Et Bertrand Tavernier d'ajouter "qu'aujourd'hui tout film gagne à être coréen!"
L'image des forces de l'ordre
Dans The Host et Memories of murder, les forces de l'ordre ne sont pas à leur avantage. "Oui, ce sont des policiers des années 80 qui travaillaient pendant la dictature militaire. Mais c'est assez réaliste." Le tueur de Memories of murder a d'ailleurs été arrêté il y a un peu moins d'un mois. Bertrand Tavernier demande alors si ça change son rapport au film. "C'était une affaire non classée qui restait entourée de mystères. Le film est sorti en 2003 sur ce fait qui s'est déroulé dans les années 80. Lorsque le tueur a été arrêté, j'avais des sentiments très troubles, complexes. Maintenant les spectateurs verront la scène finale différemment je pense. Mais j'aimerais garder le film tel qu'il est. Ce serait comme une sorte d'archive de l'époque. Concernant l'image du criminel, pendant l'écriture du scénario, j'avais l'impression de devenir fou. J'avais rencontré des policiers, des proches des victimes, des journalistes, mais celui que je voulais rencontrer c'était le meurtrier et je ne pouvais que l'imaginer.
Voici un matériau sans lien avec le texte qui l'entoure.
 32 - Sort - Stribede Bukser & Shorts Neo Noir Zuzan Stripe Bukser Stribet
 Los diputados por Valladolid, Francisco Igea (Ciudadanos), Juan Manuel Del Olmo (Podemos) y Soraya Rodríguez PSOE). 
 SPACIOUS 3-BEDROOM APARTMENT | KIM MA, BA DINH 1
Je me suis donc inspiré et appuyé sur certains films pour cela."
Parti-pris visuels très forts
Bertrand Tavernier: "Vous devez avoir rudement confiance en vous pour tenir ces parti-pris (dans Memories of murder notamment) ou alors vous êtes extrêmement audacieux!"
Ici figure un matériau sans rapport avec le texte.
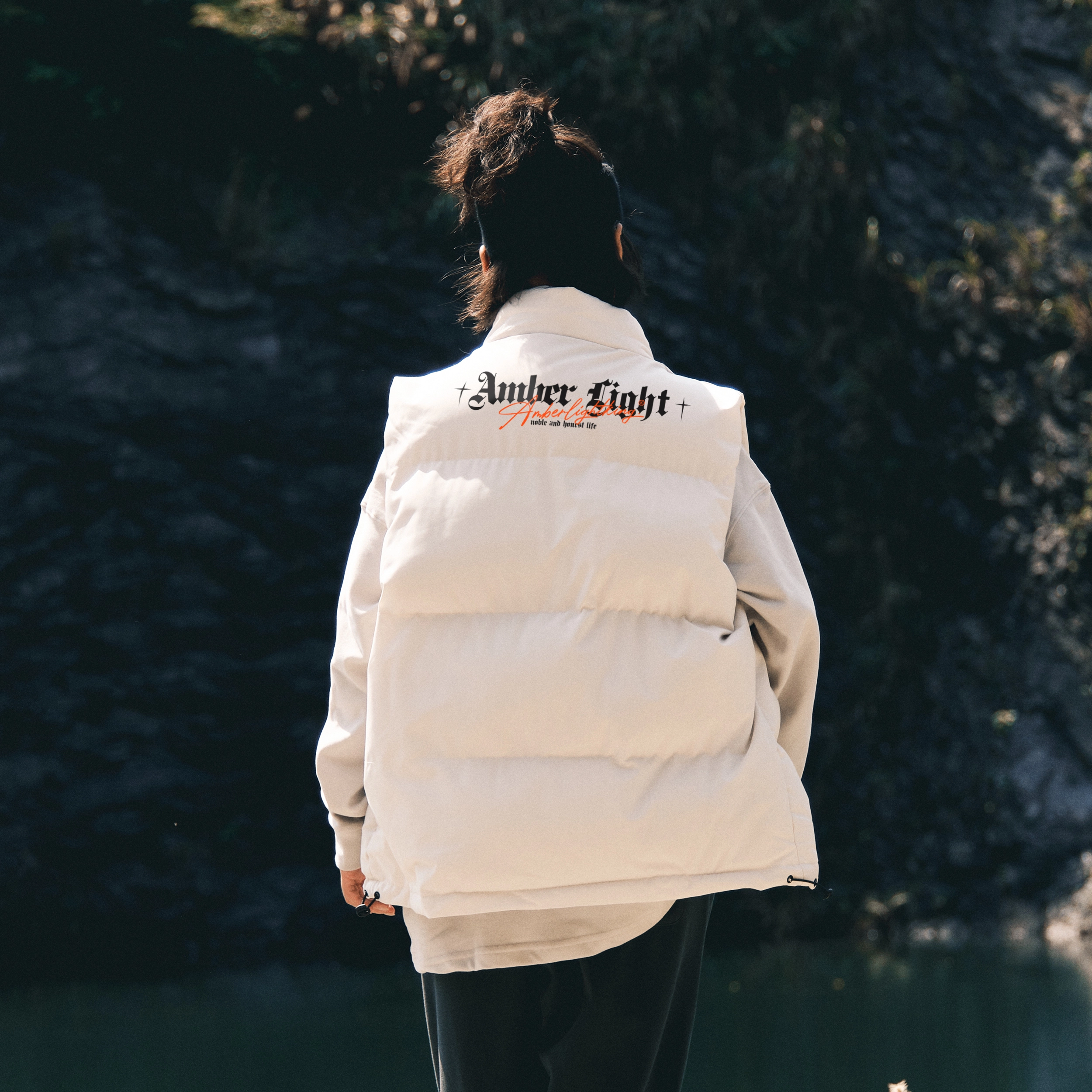 AMBER LIGHT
"Merci pour le compliment mais je crois que c'est dû à mon tempérament bizarre. J'ai un comportement qui part dans tous les sens. Quand on regarde les archives des années 80, c'est une vraie comédie noire. Bien sûr les crimes sont terribles, mais quand on prend de la distance et qu'on regarde les policiers, on a de suite l'image d'une comédie noire. Ils veulent absolument capturer ce criminel, mais n'y arrivent pas. Ils en deviennent complètement fous. Ils vont même jusqu'à consulter un chaman. C'est donc à la fois drôle, car ils sont gauches, mais aussi triste car ils sont réellement désespérés. L'horreur, le désespoir et la comédie étaient déjà assemblés."
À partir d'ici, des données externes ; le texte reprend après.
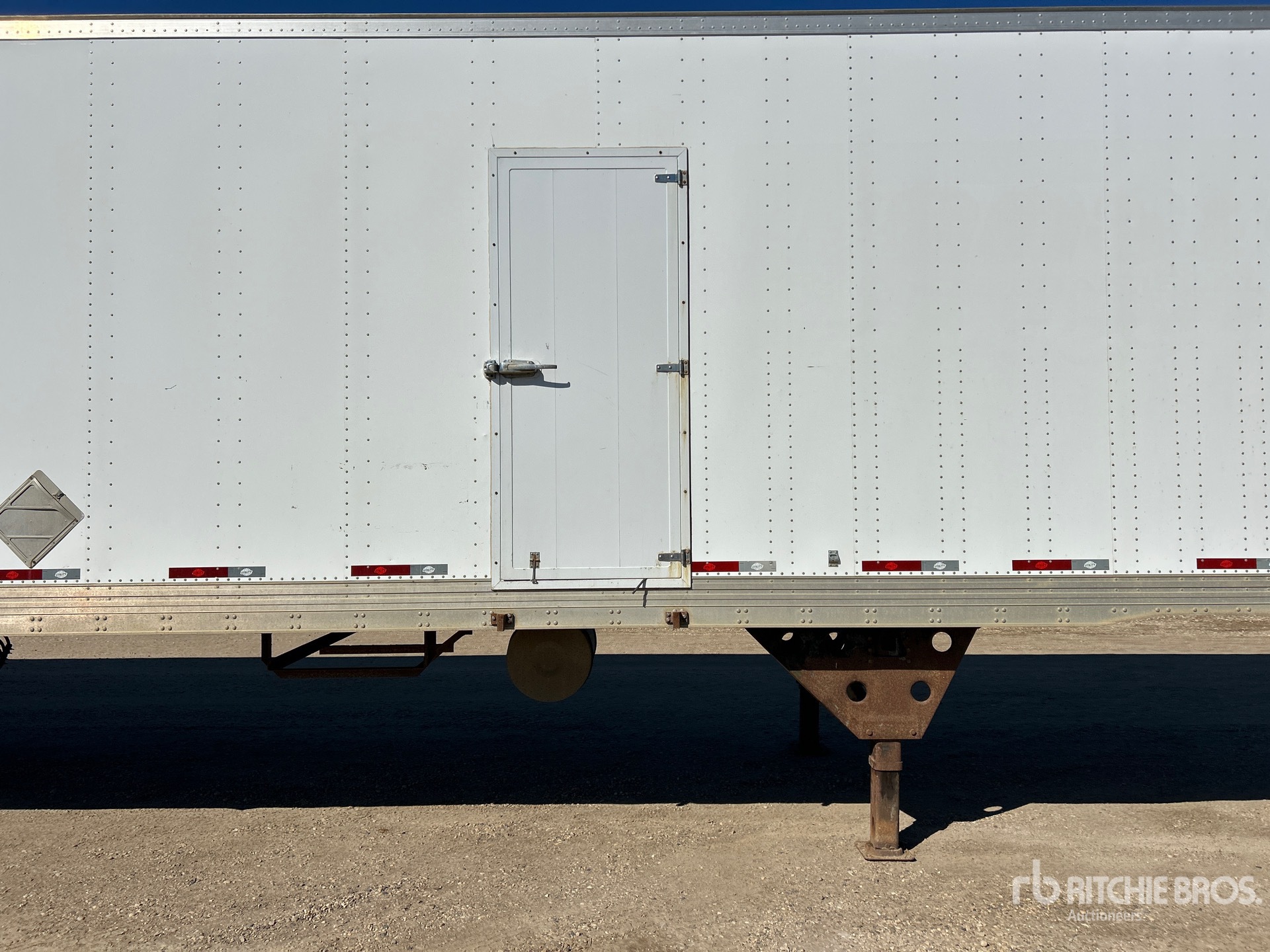 2012 Utility 53 ft x 102 in Tri/A Heated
Chaque film contre le précédent
" Vous avez vu juste. Quand j'écris le scénario, ce n'est pas intentionnel. Pourtant quand je prends un peu de recul; je réalise que j'écris en effet que chaque film est en réaction avec le précédent."
Clivages sociaux
"Je n'ai pas forcément de message politique ou social. Mon obsession c'est l'intérêt que je porte aux gens qui m'entourent. Quand on creuse et qu'on parle d'une société, on parle de toutes façons de la Société et de l'Histoire. Et surtout en Corée où il est impossible de dissocier la Société de l'Individu." Le cas particulier de The Host est très intéressant. Sans forcément vouloir passer de message force est de constater que les membres de la famille sont méprisés car de classe populaire. "Les personnages principaux dirigent un petit snack et font partie du peuple. Ils se demandent s'ils peuvent vraiment être protégés par le pouvoir. C'est à partir de là donc qu'on a à la fois une comédie et des éléments dramatiques."
Cellule familiale
Pourquoi une telle importance de la cellule familiale? "En effet, pourquoi? Je ne m'en rendais pas forcément compte. Mais ce sont toutes des familles qui ont des failles (dans Mother la mère est seule avec son fils, dans The Host la mère n'est plus là). Finalement c'est la première fois dans Parasite que je montre des familles traditionnelles avec un père, une mère et leurs enfants."
Dans tout succès réside une part de mystère
Comment expliquer le triomphe "global" de Parasite? "Pour être honnête, lors de la production, on espérait juste pouvoir rentrer dans nos frais car on trouvait l'histoire bizarre et on était donc assez inquiet. Je n'étais pas du tout sur de moi. Alors c'est moi qui vous retourne la question, comment expliquez-vous ce succès?"